Personal information
- Full name: Alfred Charles Leopold Bennett
- Born: 31 December 1914 West Norwood, London, England
- Died: 24 September 1971 (aged 56) Thames Ditton, Surrey, England
- Batting: Right-handed
- Role: Middle order batsman

Domestic team information
- 1947–1949: Northamptonshire
- FC debut: 4 June 1947 Northants v South Africans
- Last FC: 19 July 1949 Northants v Essex

Career statistics
| Competition | First-class |
| Matches | 16 |
| Runs scored | 586 |
| Batting average | 20.20 |
| 100s/50s | 0/3 |
| Top score | 68 |
| Catches/stumpings | 8/– |
- Source: CricketArchive, 6 September 2008

= Leo Bennett =

English cricketer

Major Alfred Charles Leopold Bennett (31 December 1914 at West Norwood – 24 September 1971 in Thames Ditton, Surrey) was a first-class cricketer who played for Northamptonshire for three seasons after the Second World War.

Bennett was a right-handed middle-order batsman who played for Surrey's second eleven in 1937, and might have played more for Surrey but for a mistake at the start of the 1946 season. According to a published history of the county club, Surrey, casting around for an amateur captain to lead the side in the hastily arranged first season of first-class cricket after the war, alighted on the name "Major Bennett". The intention appears to have been to offer the job to Leo Bennett, but instead, another club cricketer, Major Nigel Harvie Bennett, who had also played a few second eleven matches pre-war, was asked and he accepted the job.

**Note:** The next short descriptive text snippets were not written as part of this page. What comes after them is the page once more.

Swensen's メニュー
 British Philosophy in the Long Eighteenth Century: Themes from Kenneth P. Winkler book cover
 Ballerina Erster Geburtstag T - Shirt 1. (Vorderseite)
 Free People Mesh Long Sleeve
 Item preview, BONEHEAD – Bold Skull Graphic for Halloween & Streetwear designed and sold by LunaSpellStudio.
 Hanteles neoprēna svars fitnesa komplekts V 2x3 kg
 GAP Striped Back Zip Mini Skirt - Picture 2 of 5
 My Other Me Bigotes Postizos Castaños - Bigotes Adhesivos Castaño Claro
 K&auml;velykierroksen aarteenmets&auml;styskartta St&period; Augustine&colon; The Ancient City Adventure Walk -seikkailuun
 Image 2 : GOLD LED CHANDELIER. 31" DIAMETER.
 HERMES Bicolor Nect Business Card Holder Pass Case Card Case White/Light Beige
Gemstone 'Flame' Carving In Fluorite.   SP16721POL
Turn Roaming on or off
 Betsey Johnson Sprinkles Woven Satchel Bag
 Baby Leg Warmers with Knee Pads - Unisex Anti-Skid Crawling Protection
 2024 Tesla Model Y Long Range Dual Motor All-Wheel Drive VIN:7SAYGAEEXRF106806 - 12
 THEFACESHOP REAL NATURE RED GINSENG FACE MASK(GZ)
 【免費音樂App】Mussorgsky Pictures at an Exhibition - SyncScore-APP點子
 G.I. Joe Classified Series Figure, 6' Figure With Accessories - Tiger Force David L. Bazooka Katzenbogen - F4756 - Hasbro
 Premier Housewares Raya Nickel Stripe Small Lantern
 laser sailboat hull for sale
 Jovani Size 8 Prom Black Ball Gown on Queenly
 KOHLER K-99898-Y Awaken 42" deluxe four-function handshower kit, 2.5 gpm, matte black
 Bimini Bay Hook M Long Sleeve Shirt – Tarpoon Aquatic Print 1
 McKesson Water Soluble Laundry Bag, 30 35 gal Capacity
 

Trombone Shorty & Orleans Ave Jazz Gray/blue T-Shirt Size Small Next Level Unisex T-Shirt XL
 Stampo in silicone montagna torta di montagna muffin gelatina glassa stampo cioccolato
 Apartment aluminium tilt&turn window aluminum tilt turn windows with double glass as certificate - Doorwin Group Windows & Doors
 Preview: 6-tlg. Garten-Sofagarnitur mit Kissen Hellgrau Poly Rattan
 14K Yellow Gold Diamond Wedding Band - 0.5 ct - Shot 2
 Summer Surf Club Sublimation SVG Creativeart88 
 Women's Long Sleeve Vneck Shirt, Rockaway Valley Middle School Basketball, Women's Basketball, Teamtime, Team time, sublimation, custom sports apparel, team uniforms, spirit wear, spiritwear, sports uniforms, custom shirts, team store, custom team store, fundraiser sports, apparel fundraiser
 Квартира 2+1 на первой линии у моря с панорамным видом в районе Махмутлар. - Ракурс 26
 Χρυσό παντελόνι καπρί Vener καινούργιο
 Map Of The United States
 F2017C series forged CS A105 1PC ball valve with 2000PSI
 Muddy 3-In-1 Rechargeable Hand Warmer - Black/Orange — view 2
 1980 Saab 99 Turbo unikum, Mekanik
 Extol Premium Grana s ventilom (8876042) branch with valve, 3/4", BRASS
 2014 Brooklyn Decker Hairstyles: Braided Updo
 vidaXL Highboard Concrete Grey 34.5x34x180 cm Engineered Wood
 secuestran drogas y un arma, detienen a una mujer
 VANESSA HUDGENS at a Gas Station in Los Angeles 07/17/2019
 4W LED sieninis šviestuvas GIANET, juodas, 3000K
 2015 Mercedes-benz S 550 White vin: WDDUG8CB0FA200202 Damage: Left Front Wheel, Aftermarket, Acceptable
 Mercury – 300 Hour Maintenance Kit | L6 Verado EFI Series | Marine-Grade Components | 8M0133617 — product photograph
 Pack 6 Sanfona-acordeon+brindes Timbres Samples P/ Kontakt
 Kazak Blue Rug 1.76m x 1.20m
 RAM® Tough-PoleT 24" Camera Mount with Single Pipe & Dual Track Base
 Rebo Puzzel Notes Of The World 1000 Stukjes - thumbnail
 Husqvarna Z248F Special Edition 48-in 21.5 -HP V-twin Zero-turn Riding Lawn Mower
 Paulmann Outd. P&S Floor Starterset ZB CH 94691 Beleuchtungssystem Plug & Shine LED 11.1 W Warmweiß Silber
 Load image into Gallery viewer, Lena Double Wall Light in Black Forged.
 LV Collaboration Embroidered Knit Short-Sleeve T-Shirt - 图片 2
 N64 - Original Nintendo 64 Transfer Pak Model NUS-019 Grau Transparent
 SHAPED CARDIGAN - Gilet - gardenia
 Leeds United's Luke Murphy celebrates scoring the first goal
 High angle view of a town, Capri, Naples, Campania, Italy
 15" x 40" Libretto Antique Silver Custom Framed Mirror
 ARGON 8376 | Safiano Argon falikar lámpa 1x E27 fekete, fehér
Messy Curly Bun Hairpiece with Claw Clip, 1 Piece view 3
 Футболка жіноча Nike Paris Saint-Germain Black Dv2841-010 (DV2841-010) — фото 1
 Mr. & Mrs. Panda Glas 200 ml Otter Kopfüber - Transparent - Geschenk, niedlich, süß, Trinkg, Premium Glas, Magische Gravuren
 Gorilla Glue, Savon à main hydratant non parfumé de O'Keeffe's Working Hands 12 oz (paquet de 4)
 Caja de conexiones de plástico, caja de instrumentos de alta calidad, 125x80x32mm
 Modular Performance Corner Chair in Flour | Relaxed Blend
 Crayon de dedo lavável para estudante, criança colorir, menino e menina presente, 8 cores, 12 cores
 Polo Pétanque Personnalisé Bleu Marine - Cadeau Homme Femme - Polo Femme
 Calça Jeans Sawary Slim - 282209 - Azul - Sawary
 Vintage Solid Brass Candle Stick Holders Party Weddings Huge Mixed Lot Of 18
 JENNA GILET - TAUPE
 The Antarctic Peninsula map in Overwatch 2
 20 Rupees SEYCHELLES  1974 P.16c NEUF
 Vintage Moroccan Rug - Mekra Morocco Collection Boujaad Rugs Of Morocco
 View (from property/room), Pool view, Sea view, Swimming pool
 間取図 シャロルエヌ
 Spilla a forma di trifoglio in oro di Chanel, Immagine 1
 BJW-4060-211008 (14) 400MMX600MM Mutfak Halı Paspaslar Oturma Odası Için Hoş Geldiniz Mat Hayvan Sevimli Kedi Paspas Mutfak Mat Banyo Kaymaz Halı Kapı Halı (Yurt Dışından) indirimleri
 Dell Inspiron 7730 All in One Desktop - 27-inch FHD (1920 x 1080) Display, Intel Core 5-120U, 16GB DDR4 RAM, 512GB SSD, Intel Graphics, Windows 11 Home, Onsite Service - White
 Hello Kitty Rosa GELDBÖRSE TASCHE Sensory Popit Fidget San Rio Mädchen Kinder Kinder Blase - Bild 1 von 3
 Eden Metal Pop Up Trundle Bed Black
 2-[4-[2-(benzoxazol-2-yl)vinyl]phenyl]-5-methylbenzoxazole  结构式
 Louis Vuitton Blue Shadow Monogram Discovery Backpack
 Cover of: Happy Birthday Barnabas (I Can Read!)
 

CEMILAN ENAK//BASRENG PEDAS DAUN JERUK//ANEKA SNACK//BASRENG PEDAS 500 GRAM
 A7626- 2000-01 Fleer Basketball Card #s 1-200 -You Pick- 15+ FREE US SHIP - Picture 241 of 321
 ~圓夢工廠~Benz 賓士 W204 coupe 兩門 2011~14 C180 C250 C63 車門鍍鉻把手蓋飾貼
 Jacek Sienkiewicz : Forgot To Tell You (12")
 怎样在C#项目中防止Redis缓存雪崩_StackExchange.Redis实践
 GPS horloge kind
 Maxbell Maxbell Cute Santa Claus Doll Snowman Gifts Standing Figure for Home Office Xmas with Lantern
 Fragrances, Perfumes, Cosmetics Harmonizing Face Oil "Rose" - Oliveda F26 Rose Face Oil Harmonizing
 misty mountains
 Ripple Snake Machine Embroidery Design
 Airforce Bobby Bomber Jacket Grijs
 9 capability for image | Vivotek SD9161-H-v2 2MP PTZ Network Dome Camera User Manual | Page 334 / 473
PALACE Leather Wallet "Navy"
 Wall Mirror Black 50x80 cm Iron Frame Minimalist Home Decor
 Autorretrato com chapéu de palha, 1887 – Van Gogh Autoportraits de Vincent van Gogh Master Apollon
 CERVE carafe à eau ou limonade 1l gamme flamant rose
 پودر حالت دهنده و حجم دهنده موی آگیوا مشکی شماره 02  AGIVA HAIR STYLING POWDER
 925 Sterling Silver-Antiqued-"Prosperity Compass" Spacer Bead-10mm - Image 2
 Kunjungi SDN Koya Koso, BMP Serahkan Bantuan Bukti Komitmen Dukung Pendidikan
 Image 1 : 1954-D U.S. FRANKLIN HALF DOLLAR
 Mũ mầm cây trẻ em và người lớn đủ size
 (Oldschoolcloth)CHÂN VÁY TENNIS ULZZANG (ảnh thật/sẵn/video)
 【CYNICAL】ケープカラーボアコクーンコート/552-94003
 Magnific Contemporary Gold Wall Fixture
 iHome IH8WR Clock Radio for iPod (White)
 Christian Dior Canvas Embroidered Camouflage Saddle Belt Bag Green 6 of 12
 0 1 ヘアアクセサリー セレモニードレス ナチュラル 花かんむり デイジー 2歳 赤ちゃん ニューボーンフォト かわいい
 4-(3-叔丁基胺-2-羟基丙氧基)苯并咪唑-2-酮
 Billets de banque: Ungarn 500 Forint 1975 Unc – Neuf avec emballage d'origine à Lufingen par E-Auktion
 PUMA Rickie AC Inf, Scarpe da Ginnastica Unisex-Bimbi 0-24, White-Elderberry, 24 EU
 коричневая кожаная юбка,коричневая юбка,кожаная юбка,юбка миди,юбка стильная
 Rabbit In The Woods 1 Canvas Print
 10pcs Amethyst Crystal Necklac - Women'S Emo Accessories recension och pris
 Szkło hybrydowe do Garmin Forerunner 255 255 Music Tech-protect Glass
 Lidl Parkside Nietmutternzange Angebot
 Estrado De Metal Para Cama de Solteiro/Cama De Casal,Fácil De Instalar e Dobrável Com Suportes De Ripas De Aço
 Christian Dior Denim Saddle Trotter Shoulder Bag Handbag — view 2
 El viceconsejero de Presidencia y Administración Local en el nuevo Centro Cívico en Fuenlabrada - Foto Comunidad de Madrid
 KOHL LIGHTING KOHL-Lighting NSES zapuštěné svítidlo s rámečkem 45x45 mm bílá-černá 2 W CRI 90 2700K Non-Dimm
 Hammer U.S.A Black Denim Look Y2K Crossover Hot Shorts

Most of Leo Bennett's cricket was at club level, where he was a prominent player over many seasons and a frequent player and captain in the minor warm-up matches for the Club Cricket Conference against touring sides; he was also the captain for the BBC cricket team. During the Second World War, however, Bennett played alongside some bigger cricketing names in matches for, among others, the British Empire XI, although these games were not first-class.

In 1947 and the following two seasons, he turned out in a total of 16 first-class matches for Northamptonshire, making useful runs in his first and last seasons. His best match came against Nottinghamshire at Northampton in August 1947, when he scored 56 in the first innings and 68 in the second, his two highest first-class scores. Northamptonshire still lost the match by a large margin.

His obituary in Wisden Cricketers' Almanack credits him with a book on club cricket, and he appears to have moved in exalted cricketing circles in his latter life. As late as 1962 and 1963, he was captaining Lord's Taverners teams in less-than-serious matches at Lord's: players who turned out under his captaincy included Keith Miller, David Sheppard and Norman Wisdom.

Bennett was commissioned into the Royal Fusiliers in June 1943, but later transferred to the Worcestershire Regiment. He was appointed Member of the Order of the British Empire (MBE) in 1945 for his war service.